■ **To do**
Skip the pictures and retype exactly the lines from the one holding "Unfold the drape only" through the end of the entries.

■ **Source data**
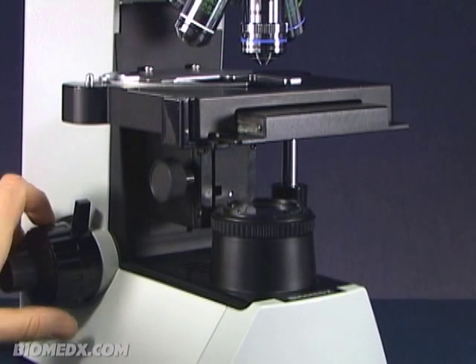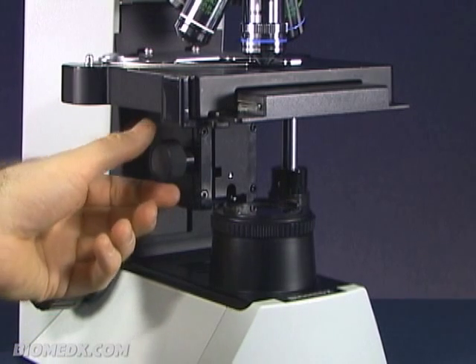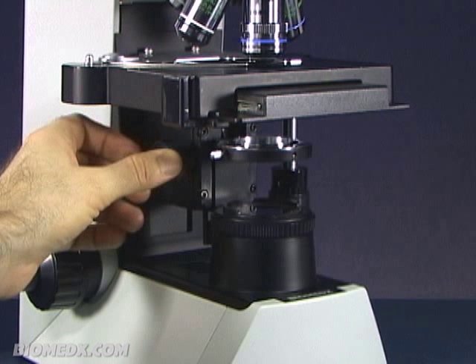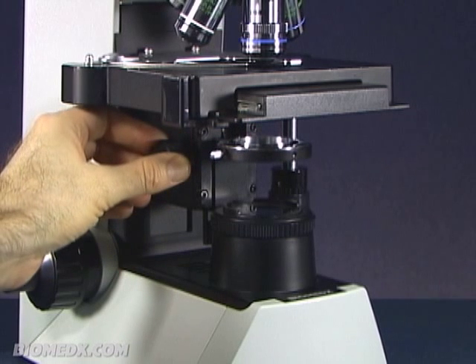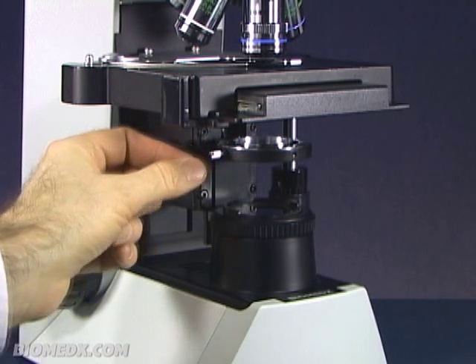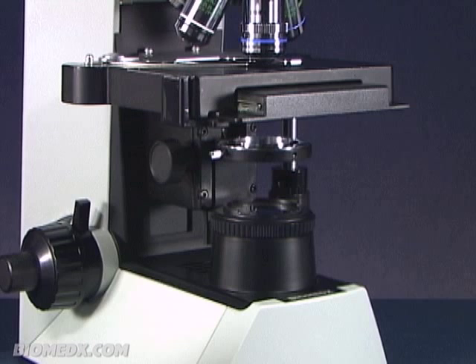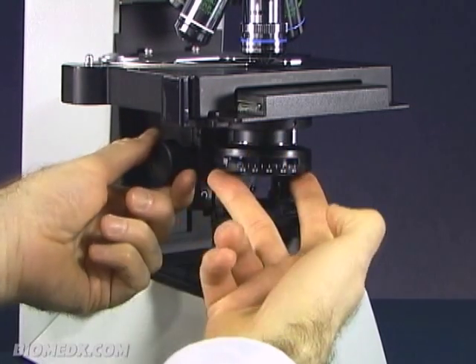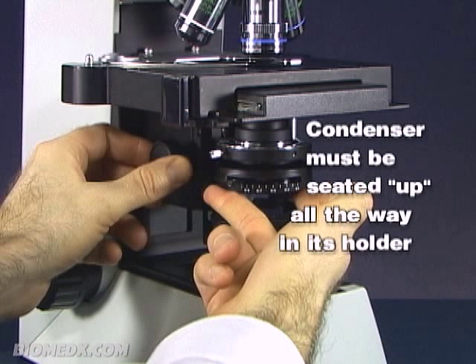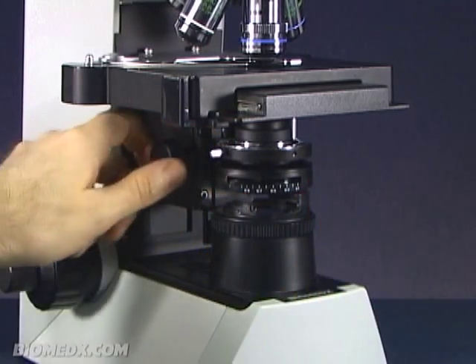To place the condenser in its holder properly, you will need to raise the stage platform and locate the condenser holder assembly knob that raises and lowers the condenser holder. On this microscope, it is just under the stage, to the back, and on the left-hand side. Upon lowering it down, you will note a set screw on the left side of the assembly. It is important that before you push your condenser up into its holder, the set screw should be loosened lightly. Ease the condenser in place under the holder, center it, and rotate the assembly down while fitting the condenser up into place. When seated, finger tighten the set screw to hold it in place.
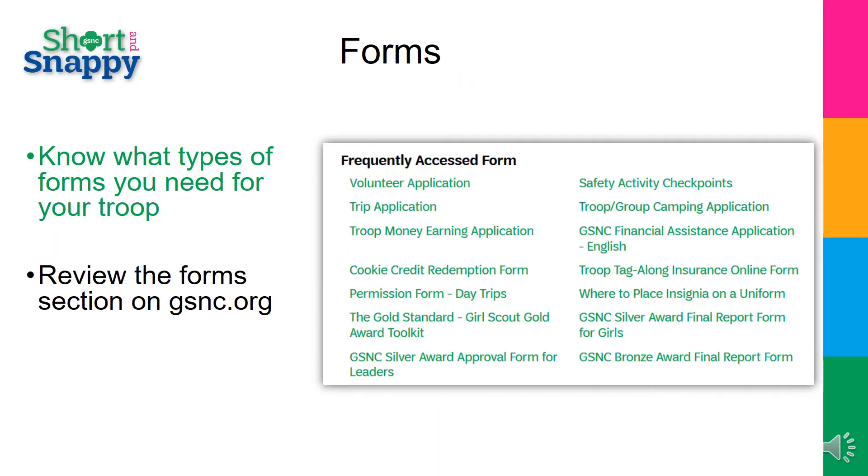There are several Girl Scout forms you will need with your troop. Please take the time to review the forms on our website so you know which ones you may need to have the parents' involvement in. These forms were introduced to you during your New Leader training. If you need a reminder on where they are, you can access them by going to the Forms section located at the top of the page on our website, gsnc.org.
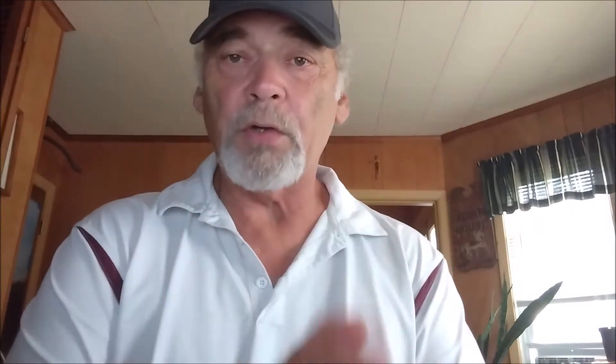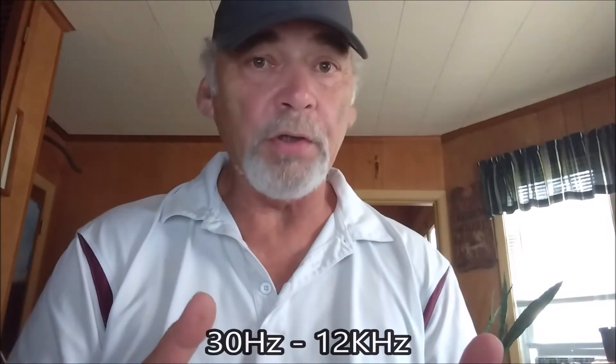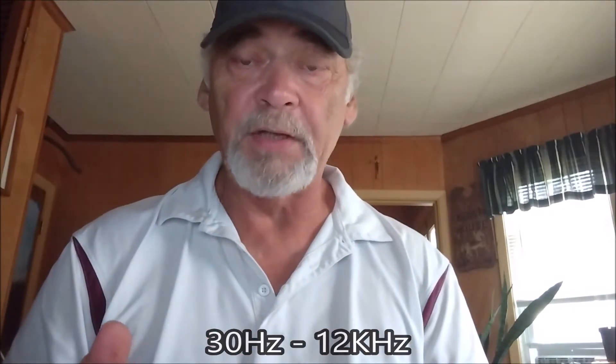Next, we're going to talk about frequency response. Basically, what this is, is the recorder replicating everything that you record in the proper frequencies, so you hear it exactly the way it was sent to you. Frequency response typically should be between 30 hertz up to 12 kilohertz. This is going to be listed in the specs on that particular recorder.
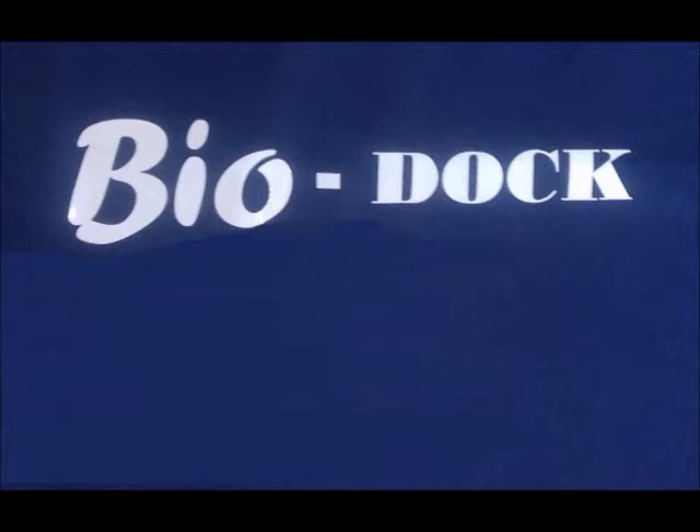Welcome to BioDoc, nature's way of anti-fouling boats. The principle behind BioDoc is that boats weed up very easily, but the weed is also easily killed — so easily, in fact, that poisonous anti-fouling paints that are harmful to marine life are unnecessary.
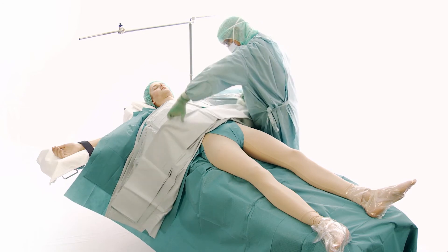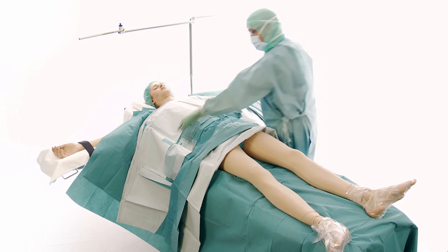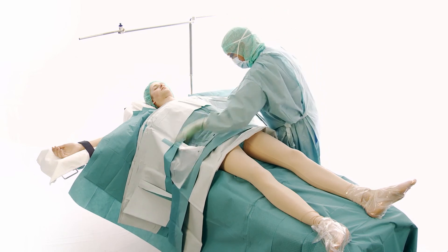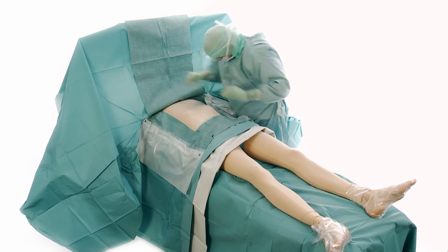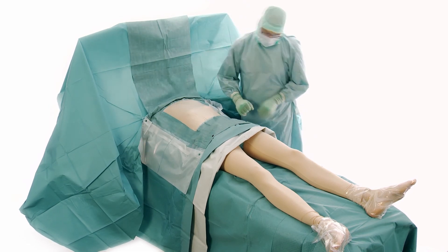Unfold the drape only once towards the feet. Keep legs free to enable possible removal of vena safena magna. Unfold the drape fully towards the head. When appropriate, unfold fully towards the feet.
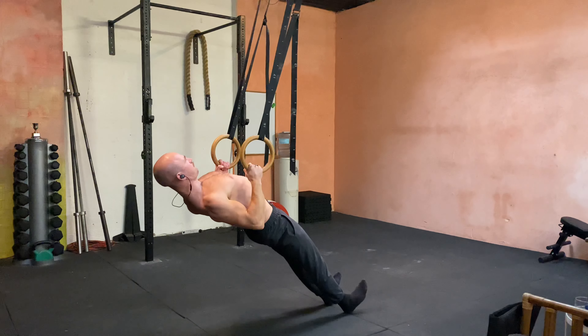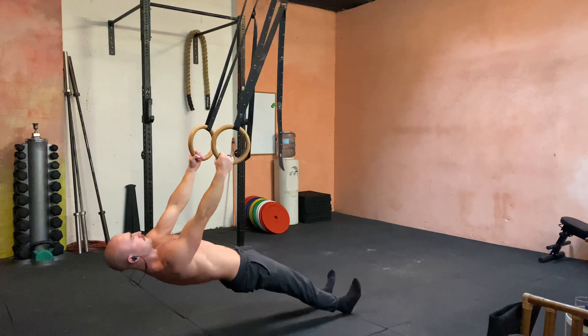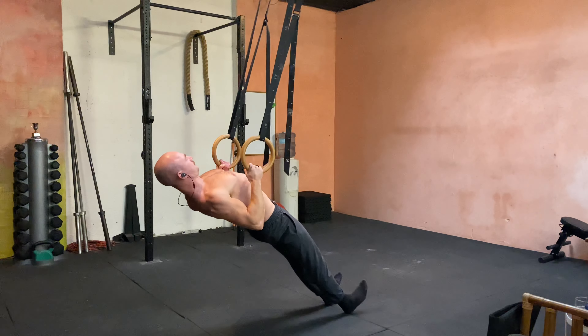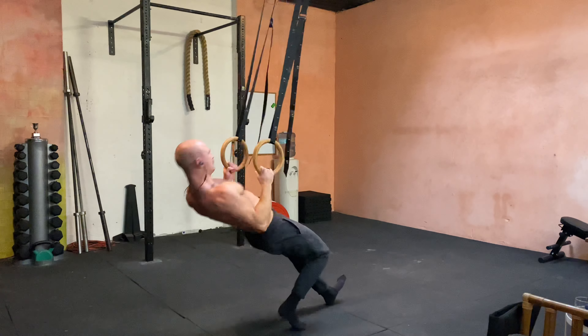The arms pull and I'm focusing on that squeeze. The squeeze is a priority between the shoulder blades, and the rest of it stays really tight. The smoother you can control this the better, and the more squeeze you get the better.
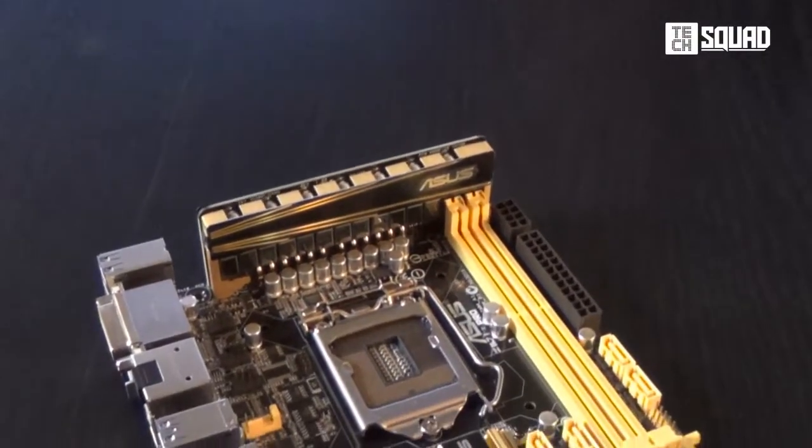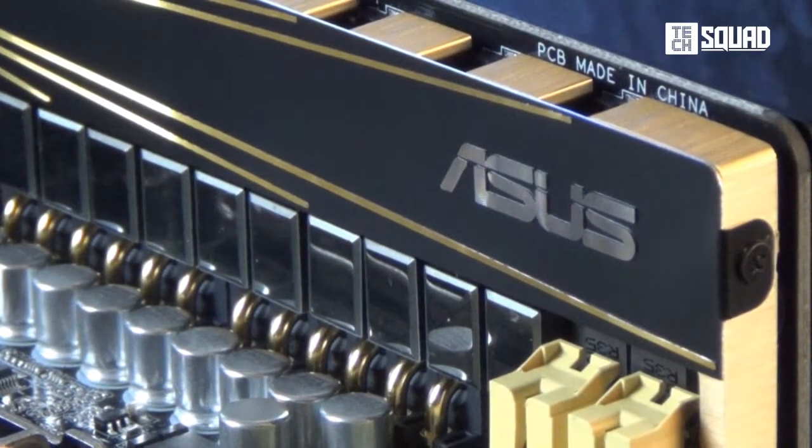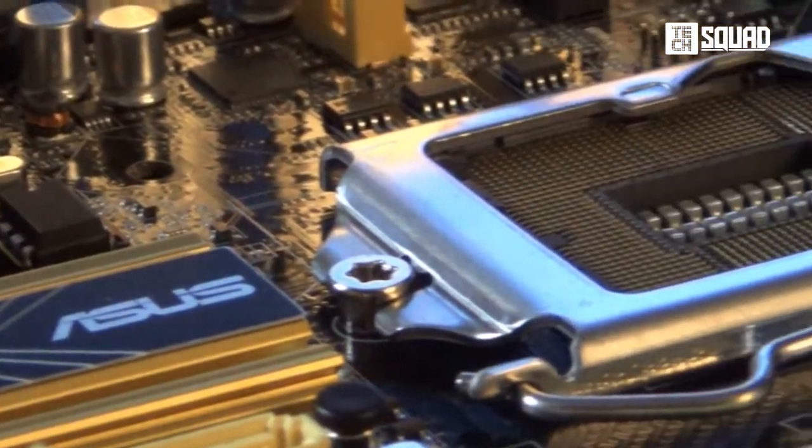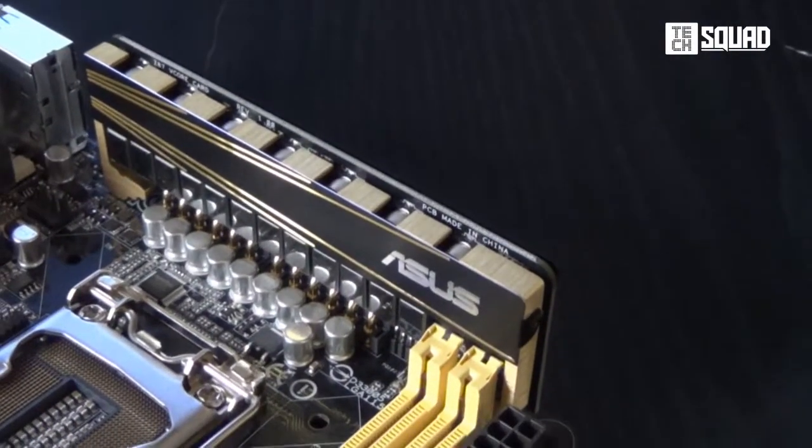Although it may seem lacking in size, this is not your ordinary mini-ITX board. It has a vertical 12+2 digital VRM that will surely deliver full-scale power. It also has the new socket 1150 that supports the new Intel Haswell Core i7, i5, and i3 processors.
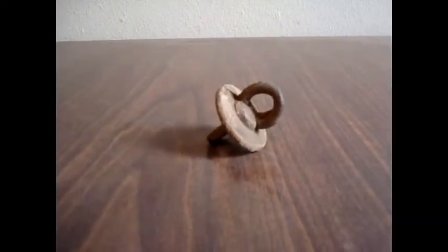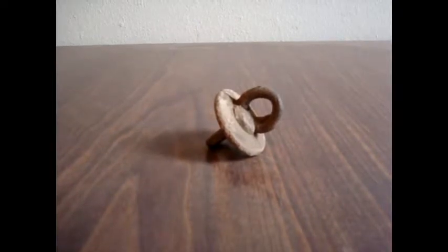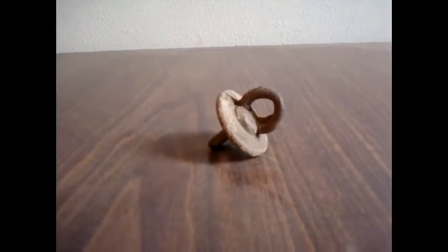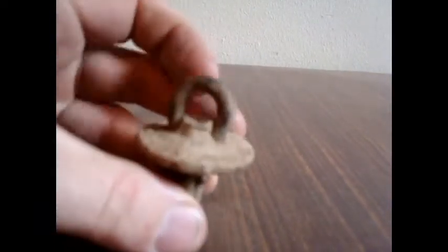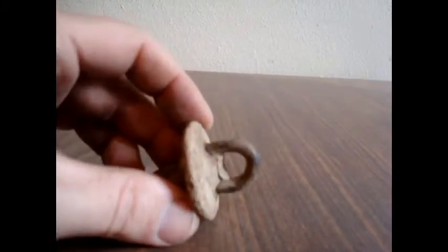I found this strange object metal detecting and I wanted to know if anybody knows what it is. It's a big lead circle in the middle — I'm pretty sure it's lead and it's been poured onto there. You can see it's a little bit on this metal hook here.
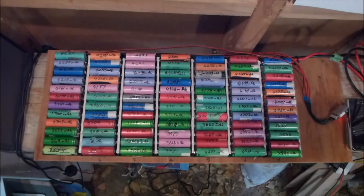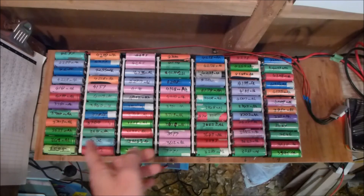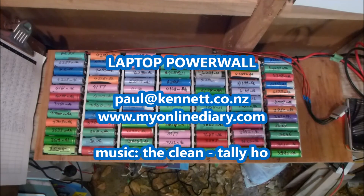Thank you very much to SpankMeVeryMuch, the YouTube user who showed me how I should have done it in the first place. Alright, thanks for watching. Cheers.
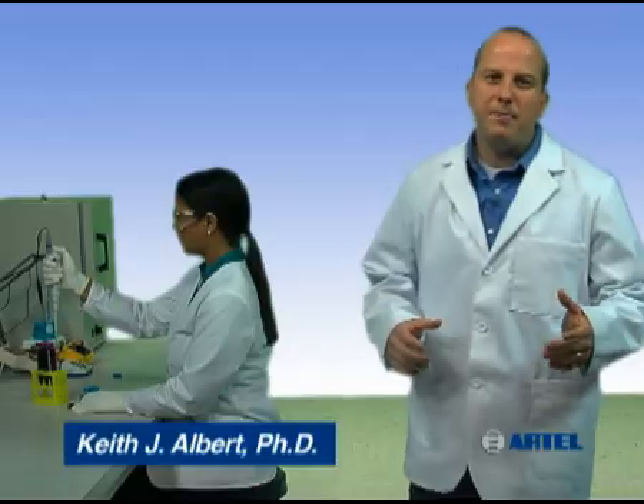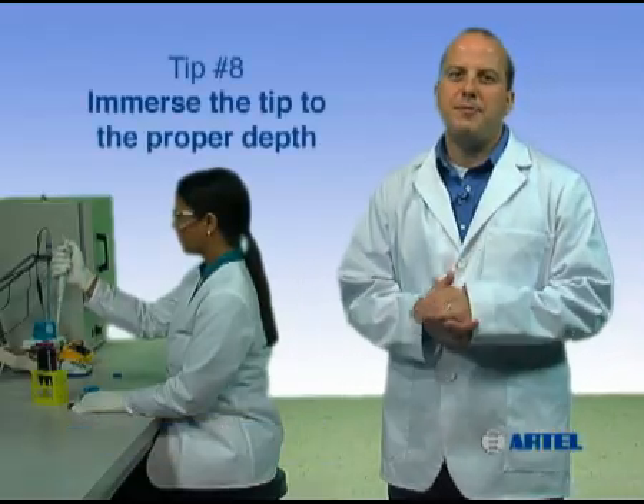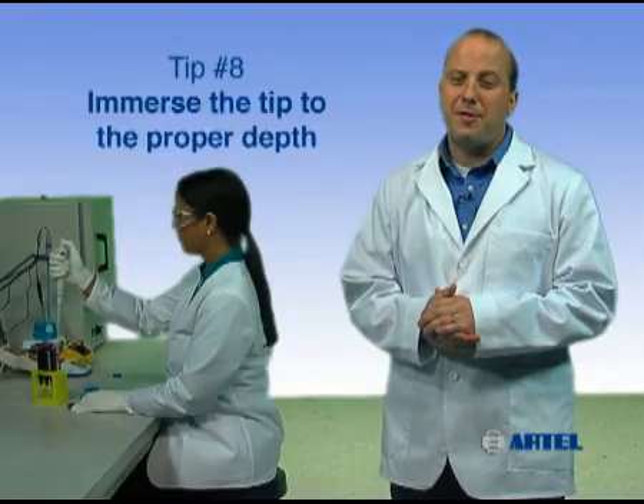By using proper pipetting technique, you can build confidence in your work so you can trust your results. Pipetting tip number eight: immerse the tip to the proper depth.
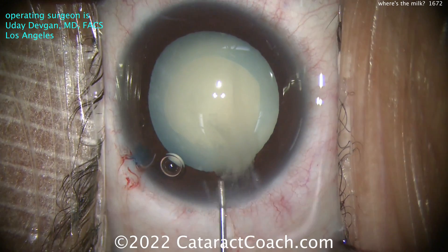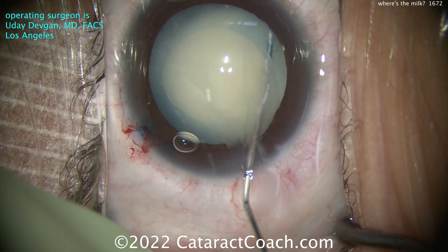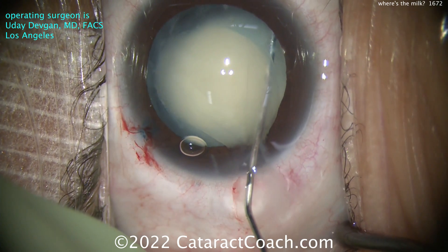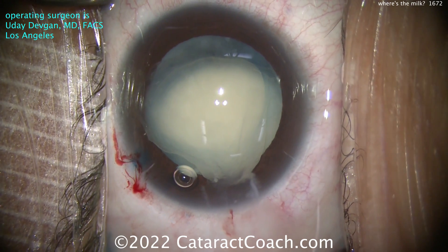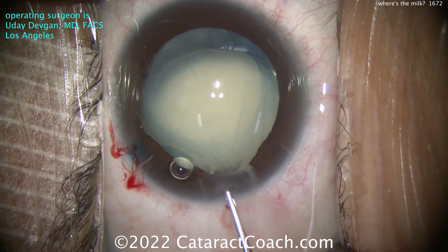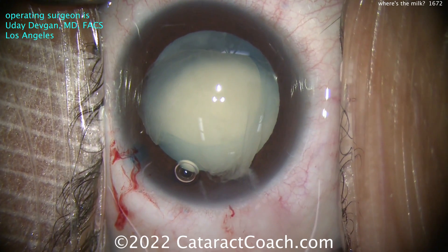We're showing the whole video start to finish - I think there's a lot of benefit for a younger surgeon especially to see a complete cataract case. Now this step: careful, minimal hydrodissection - minimal. A little bit of cortex is coming out and it looks almost gel-shaped instead of purely liquid. A little more viscoelastic here to protect that central endothelium.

■ **Reply to the task**
Unfold the drape only once towards the feet. Keep legs free to enable possible removal of vena safena magna. Unfold the drape fully towards the head. When appropriate, unfold fully towards the feet.
The arms pull and I'm focusing on that squeeze. The squeeze is a priority between the shoulder blades, and the rest of it stays really tight. The smoother you can control this the better, and the more squeeze you get the better.
Although it may seem lacking in size, this is not your ordinary mini-ITX board. It has a vertical 12+2 digital VRM that will surely deliver full-scale power. It also has the new socket 1150 that supports the new Intel Haswell Core i7, i5, and i3 processors.
I found this strange object metal detecting and I wanted to know if anybody knows what it is. It's a big lead circle in the middle — I'm pretty sure it's lead and it's been poured onto there. You can see it's a little bit on this metal hook here.
Thank you very much to SpankMeVeryMuch, the YouTube user who showed me how I should have done it in the first place. Alright, thanks for watching. Cheers.
By using proper pipetting technique, you can build confidence in your work so you can trust your results. Pipetting tip number eight: immerse the tip to the proper depth.
We're showing the whole video start to finish - I think there's a lot of benefit for a younger surgeon especially to see a complete cataract case. Now this step: careful, minimal hydrodissection - minimal. A little bit of cortex is coming out and it looks almost gel-shaped instead of purely liquid. A little more viscoelastic here to protect that central endothelium.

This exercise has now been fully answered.